### SUPPLIED RECORDS
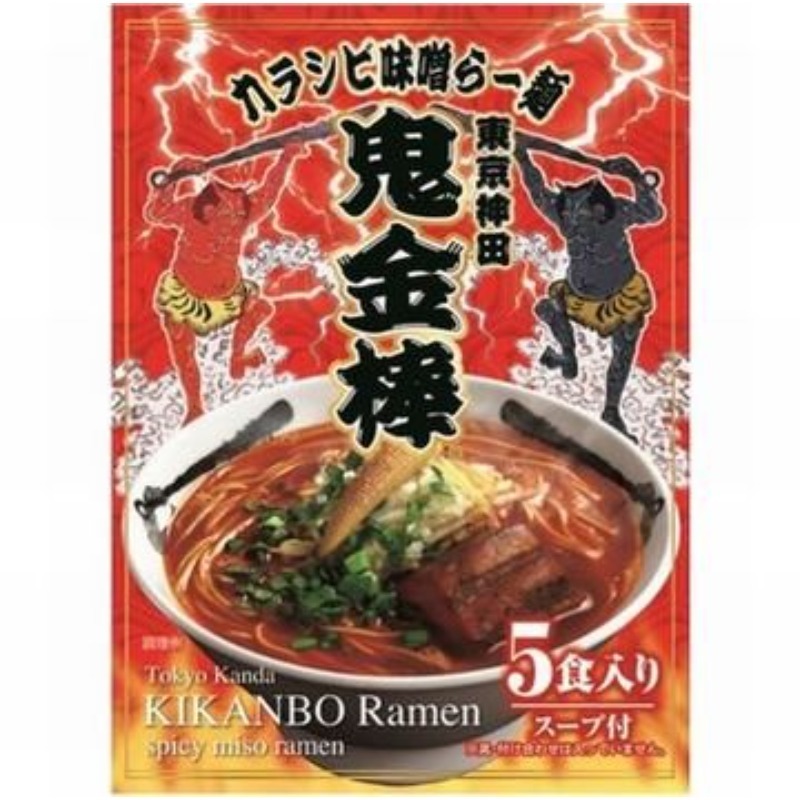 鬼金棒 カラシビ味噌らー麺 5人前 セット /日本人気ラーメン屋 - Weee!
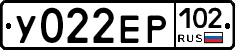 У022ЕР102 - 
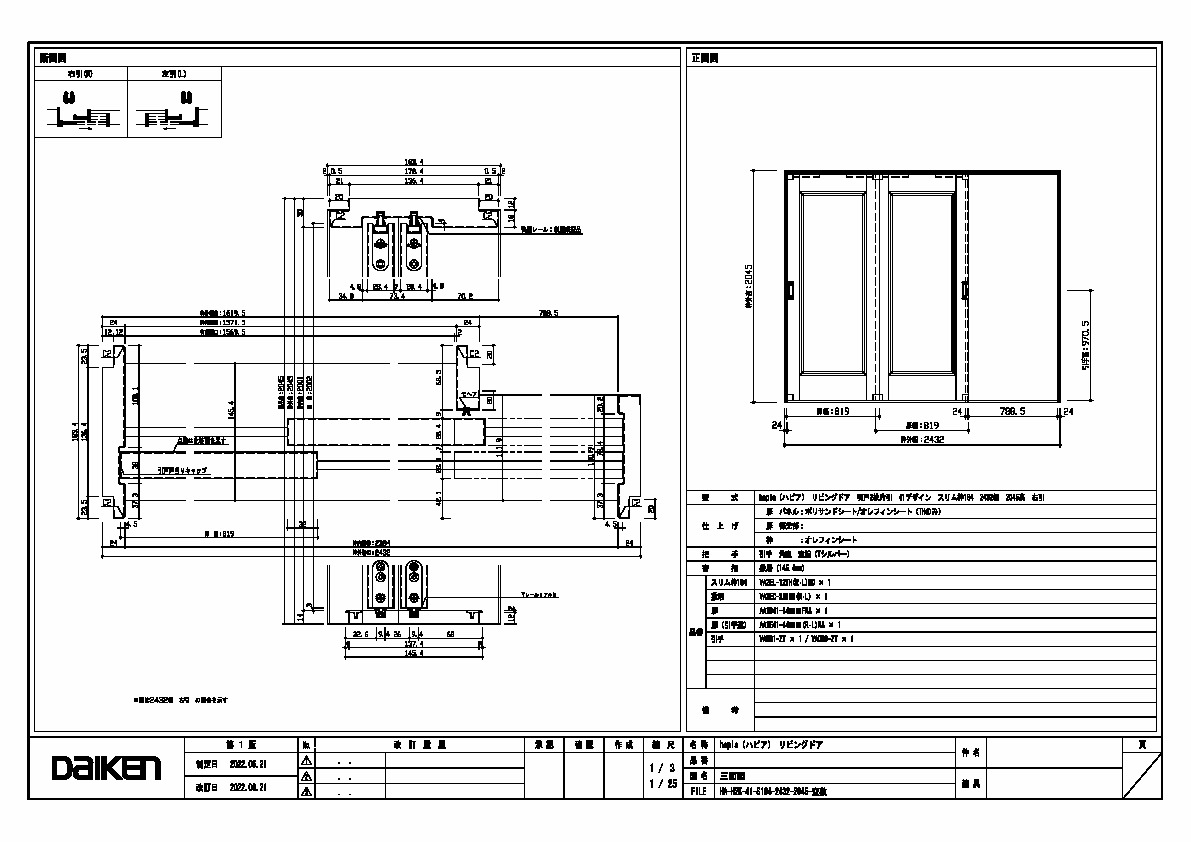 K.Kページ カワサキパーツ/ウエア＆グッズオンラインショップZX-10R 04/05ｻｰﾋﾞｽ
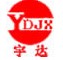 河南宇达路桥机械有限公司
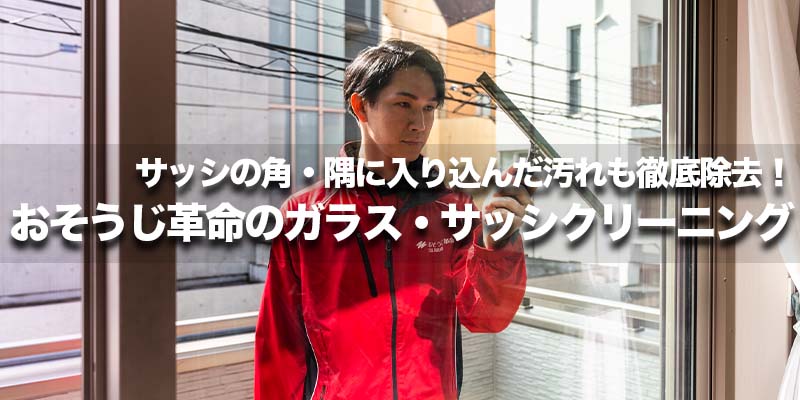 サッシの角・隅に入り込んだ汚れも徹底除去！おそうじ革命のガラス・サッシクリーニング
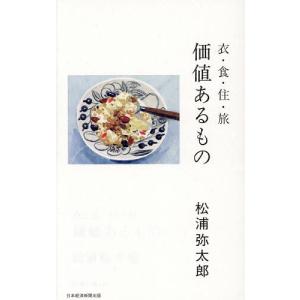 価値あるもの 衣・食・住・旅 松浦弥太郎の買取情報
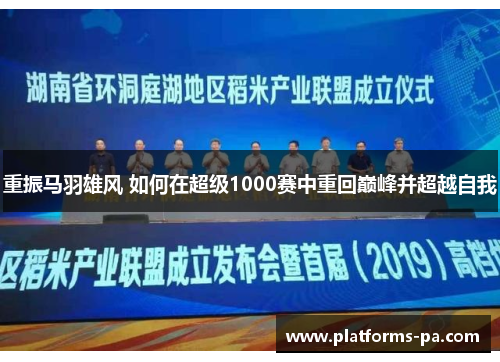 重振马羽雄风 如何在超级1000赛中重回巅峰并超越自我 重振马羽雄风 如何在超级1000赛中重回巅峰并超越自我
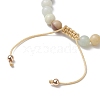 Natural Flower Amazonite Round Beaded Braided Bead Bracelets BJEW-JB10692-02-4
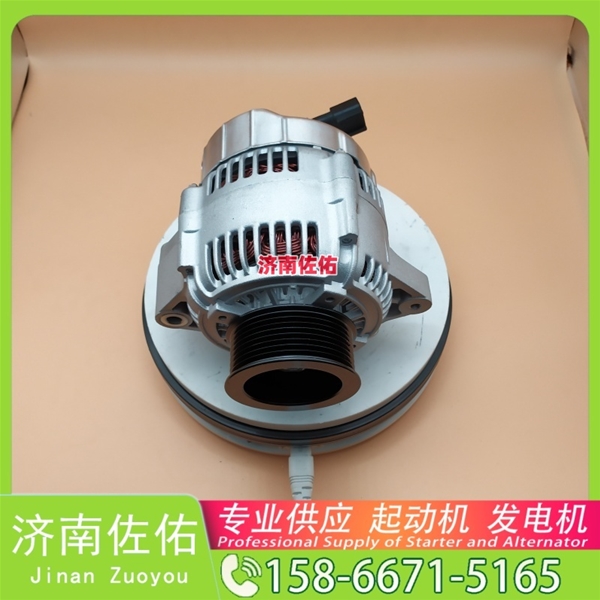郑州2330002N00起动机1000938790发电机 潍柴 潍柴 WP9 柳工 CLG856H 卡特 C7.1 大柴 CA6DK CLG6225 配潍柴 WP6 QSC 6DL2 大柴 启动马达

### ASSIGNMENT
Please return the full listing word for word, but without any pictures.

### WRITTEN RESPONSE
 鬼金棒 カラシビ味噌らー麺 5人前 セット /日本人気ラーメン屋 - Weee!
 У022ЕР102 - 
 K.Kページ カワサキパーツ/ウエア＆グッズオンラインショップZX-10R 04/05ｻｰﾋﾞｽ
 河南宇达路桥机械有限公司
 サッシの角・隅に入り込んだ汚れも徹底除去！おそうじ革命のガラス・サッシクリーニング
 価値あるもの 衣・食・住・旅 松浦弥太郎の買取情報
 重振马羽雄风 如何在超级1000赛中重回巅峰并超越自我 重振马羽雄风 如何在超级1000赛中重回巅峰并超越自我
 Natural Flower Amazonite Round Beaded Braided Bead Bracelets BJEW-JB10692-02-4
郑州2330002N00起动机1000938790发电机 潍柴 潍柴 WP9 柳工 CLG856H 卡特 C7.1 大柴 CA6DK CLG6225 配潍柴 WP6 QSC 6DL2 大柴 启动马达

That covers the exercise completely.